Il est surtout bienvenu de se demander si les « réformes retenues » seront suffisantes pour revitaliser la voie chrétienne. Seront-elles assez déterminantes pour permettre aux chrétiens du XXIe siècle d’affermir leur foi en Dieu, de marcher sur les pas de Jésus de Nazareth, au sein de cultures marquées par les sciences physiques et humaines, et par ce que nous appelons la modernité qui gagne tous les peuples de la planète ? Avançons quelques pistes.
- Un premier point que l’on peut aborder, dans la crise du catholicisme, concerne la structure hiérarchique de l’Église catholique qui n’est née qu’au second siècle de notre ère. Dans son fonctionnement, elle pratique très peu la démocratie élective. Du pape aux évêques, aucun responsable n’est soumis à un processus représentatif. Le conclave papal ne l’est que d’une façon très limitée. Les prêtres sont formés pour l’essentiel dès leur jeune âge dans des séminaires fermés, avec essentiellement de la philosophie et de la théologie traditionnelles.
La réforme protestante, inaugurée par Martin Luther en 1517, avait mis par terre cette structure pyramidale. Aujourd’hui, toute personne honnête et informée reconnaît que ce fut une rupture libératrice à l’encontre du pouvoir pontifical (les indulgences) et en faveur d’une lecture directe de la Bible par le peuple. Malheureusement, le Concile de Trente (1565), dans sa contre-réforme, refusa de tirer le moindre enseignement de la nouveauté protestante. Il congela l’Église catholique pour plusieurs siècles. Ce n’est qu’au XXe siècle que les choses bougèrent sensiblement, en particulier, avec la tenue du Concile Vatican II (1962-1965). Mais, on connaît aujourd’hui les limites de ce concile, ainsi que les résistances et les retours en arrière qui se sont produits depuis sa clôture.

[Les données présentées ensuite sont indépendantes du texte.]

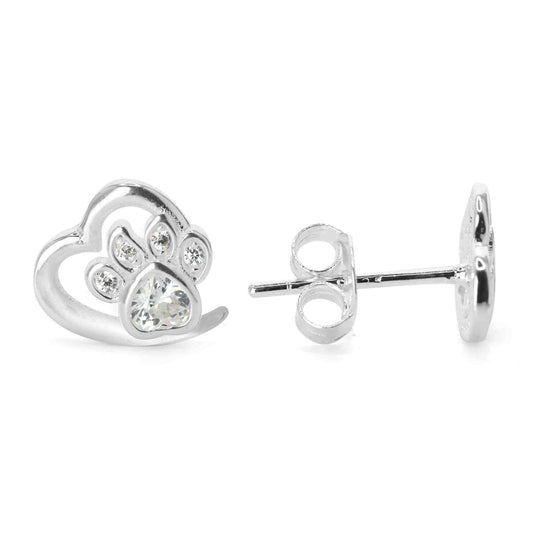 Aros de Plata 925 Figura Corazón y Huella Circón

En 1905, au moment des lois de séparation de l’Église et de l’État, Émile Durkheim qualifiait l’Église de « monstre » (2) en raison du caractère d’exception qu’elle s’attribuait par rapport aux conquêtes démocratiques et face à la laïcité. Saura-t-elle aujourd’hui aller plus loin en matière de pratiques pluralistes ? Sans revenir encore et encore au phénomène du 3ème homme décrit en 1966 au lendemain du concile, par François Roustang dans la revue Christus (3), il faut bien admettre que depuis lors beaucoup de catholiques ont quitté la pratique liturgique, et la vie de l’Église, et continuent de le faire presque 60 ans après. Et cela, en raison de sa doctrine et de ses formulations pré-modernes. Ce qui aujourd’hui stupéfie beaucoup d’observateurs, c’est que l’énorme exode, disciplinaire et doctrinal que ce phénomène représente, qui a touché autant les prêtres et les religieux que les laïcs, ne semble pas inquiéter/ni interroger en profondeur l’Église catholique institutionnelle.

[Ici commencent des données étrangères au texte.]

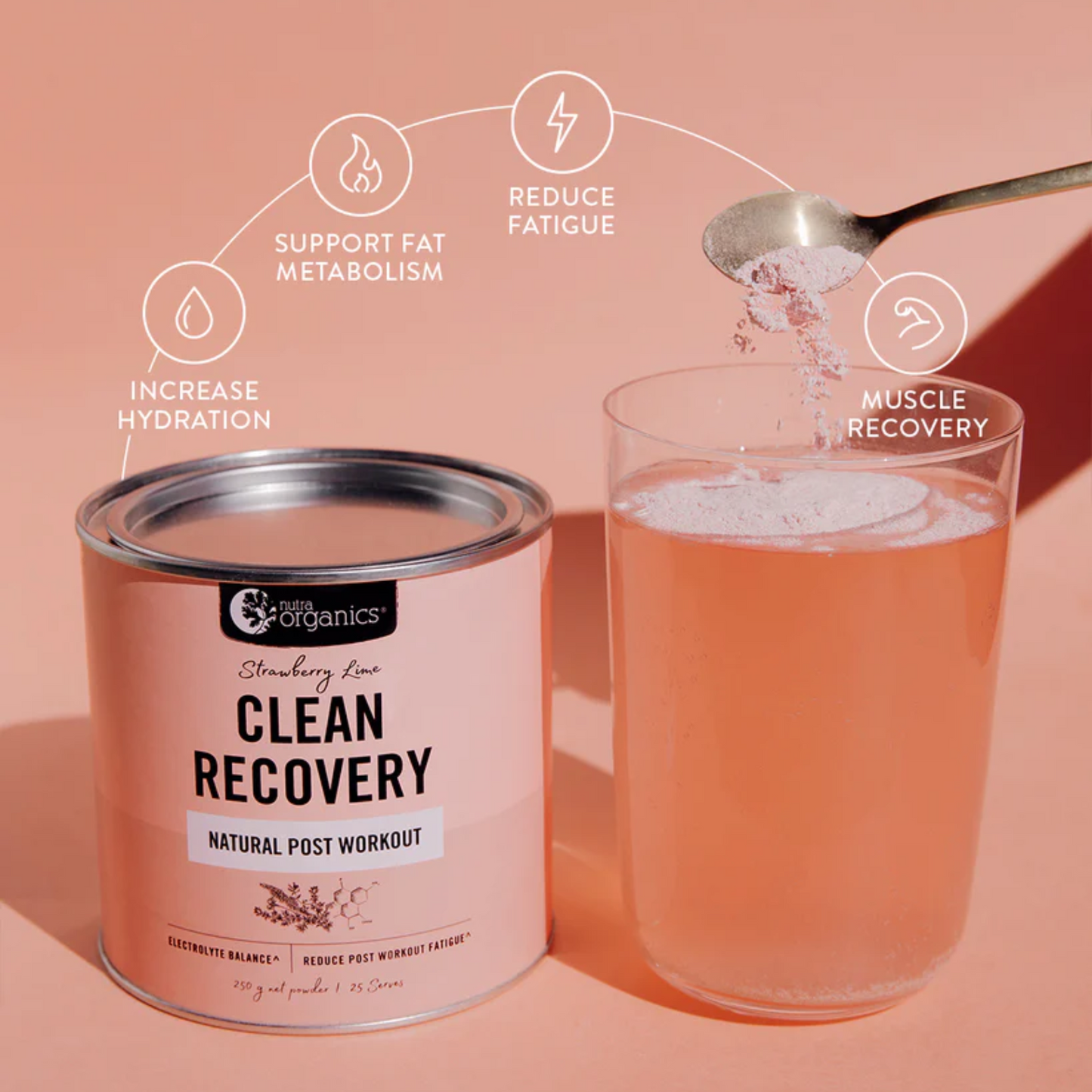 Nutra Organics Clean Recovery 250g, Natural Post-Workout Strawberry Lime Flavour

- Abordons un premier point de doctrine. Jésus est-il de nature divine, comme l’ont proclamé les conciles de Nicée (325) et de Constantinople (381) et comme l’affirme un article du credo? Est-il né d’une vierge par une opération du Saint-Esprit ? Aujourd’hui, avec les acquis de l’exégèse historico-critique, il est admis que Jésus était pleinement un humain, certes d’exception, qui avait une relation d’intimité avec Dieu qu’il appelait son père. Que Jésus n’était pas, non plus, un prêtre de l’ordre de Lévi, mais un prophète qui a parcouru les routes de la Galilée et de la Judée pour annoncer que le royaume de Dieu était proche. Pour les catholiques, voilà une formidable interrogation dogmatique à assumer sans se boucher les yeux.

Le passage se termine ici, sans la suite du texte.